In examples like yours when data differ just additively, i.e. we add some constant $k$ to everything, then as you point out the standard deviation is unchanged, the mean is changed by exactly that constant, and so the coefficient of variation changes from $\sigma / \mu$ to $\sigma / (\mu + k)$, which is neither interesting nor useful.
It's multiplicative change that's interesting and where the coefficient of variation has some use. For multiplying everything by some constant $k$ implies that the coefficient of variation becomes $k \sigma/k \mu$, i.e. remains the same as before. Changing of units of measurement is a case in point, as in the answers of @Aksalal and @Macond.
As the coefficient of variation is unit-free, so also it is dimension-free, as whatever units or dimensions are possessed by the underlying variable are washed out by the division. That makes the coefficient of variation a measure of relative variability, so the relative variability of lengths may be compared with that of weights, and so forth. One field where the coefficient of variation has found some descriptive use is the morphometrics of organism size in biology.
In principle and practice the coefficient of variation is only defined fully and at all useful for variables that are entirely positive. Hence in detail your first sample with a value of $0$ is not an appropriate example. Another way of seeing this is to note that were the mean ever zero the coefficient would be indeterminate and were the mean ever negative the coefficient would be negative, assuming in the latter case that the standard deviation is positive.
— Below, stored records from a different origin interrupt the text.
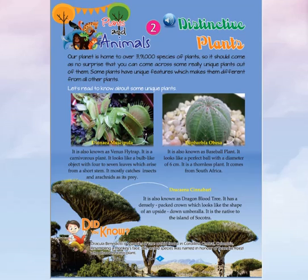Euphorbia Obesa, also known as the Baseball Plant, looks like a perfect ball with a diameter of 6 cm. It is a thornless plant that comes from South Africa.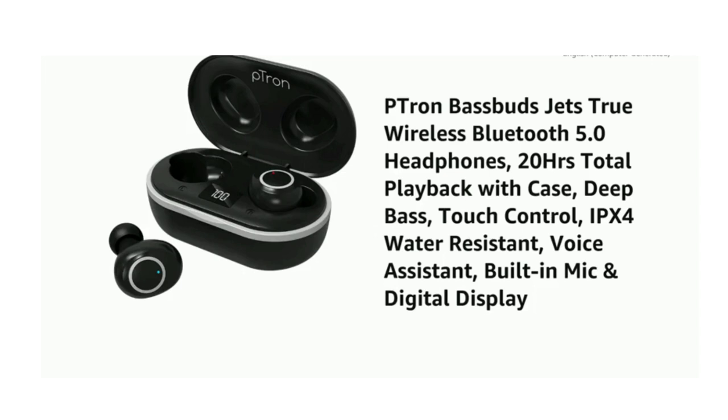Presenting the Petron BassBuds Jets True Wireless Bluetooth 5.0 Headphones. 20 hours total playback with case, deep bass, touch control, IPX4 water-resistant, voice assistant, built-in mic and digital display.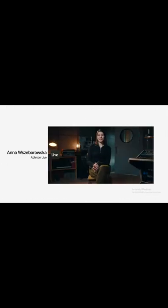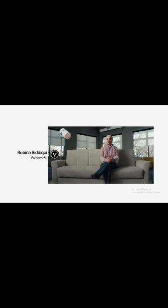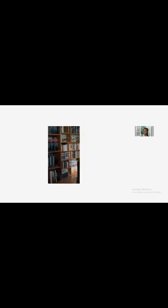Hi, I'm Anna, and I work at Ableton as a software developer. Principal product manager at Adobe for Motion Graphics. I'm Ruby at Vectorworks. I'm Ellie White, and I work at Maxon. I'm Larissa Sepnick. I'm the lead Sapphire developer. 3D designer, and I specialize in fabric simulation.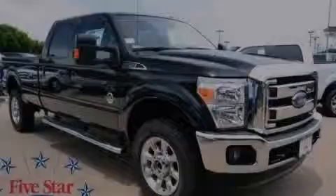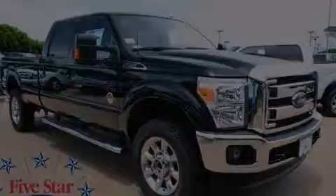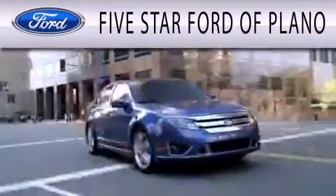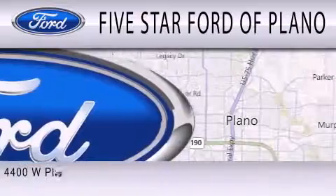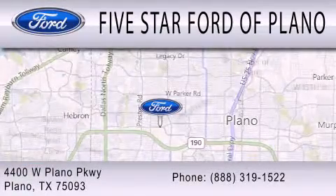Contact us today to arrange your test drive. Five Star Ford of Plano is dedicated to doing everything possible to ensure that the experience you have selecting your next vehicle is as pleasant as possible. We are located at 4400 West Plano Parkway in Plano.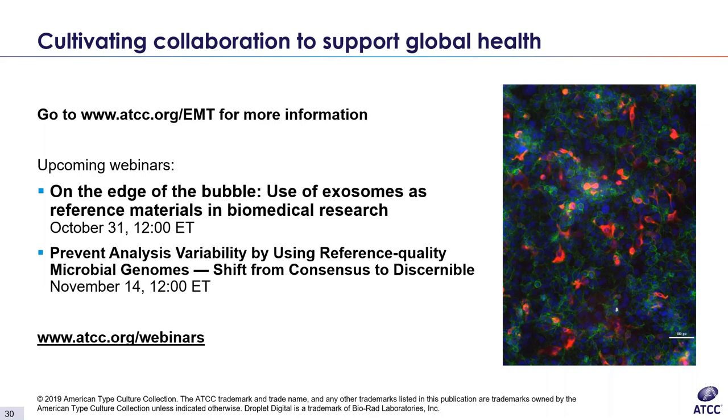Thank you, Diana. In just a few moments, we will begin our Q&A session. Please use the chat function available through the webinar program to submit your questions. The recorded webinar presentation will be available on demand on the ATCC website at www.atcc.org.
Either case would make the measure useless as a measure of relative variability, or indeed for any other purpose.
An equivalent statement is that the coefficient of variation is interesting and useful only if logarithms are defined in the usual way for all values, and indeed using coefficients of variation is equivalent to looking at variability of logarithms.
Although it should seem incredible to readers here, I have seen climatological and geographical publications in which the coefficients of variation of Celsius temperatures have puzzled naive scientists who note that coefficients can explode as mean temperatures get close to $0^\circ$C and become negative for mean temperatures below freezing. Even more bizarrely, I have seen suggestions that the problem is solved by using Fahrenheit instead. Conversely, the coefficient of variation is often mentioned correctly as a summary measure defined if and only if measurement scales qualify as ratio scale. As it happens, the coefficient of variation is not especially useful even for temperatures measured in kelvin, but for physical reasons rather than mathematical or statistical.
As in the case of the bizarre examples from climatology, which I leave unreferenced as the authors deserve neither the credit nor the shame, the coefficient of variation has been over-used in some fields. There is occasionally a tendency to regard it as a kind of magic summary measure that encapsulates both mean and standard deviation. This is naturally primitive thinking, as even when the ratio makes sense, the mean and standard deviation cannot be recovered from it.
In statistics the coefficient of variation is a fairly natural parameter if variation follows either the gamma or the lognormal, as may be seen by looking at the form of the coefficient of variation for those distributions.
Although the coefficient of variation can be of some use, in cases where it applies the more useful step is to work on logarithmic scale, either by logarithmic transformation or by using a logarithmic link function in a generalized linear model.
EDIT: If all values are negative, then we can regard the sign as just a convention that can be ignored. Equivalently in that case, $\sigma / |\mu|$ is effectively an identical twin of coefficient of variation.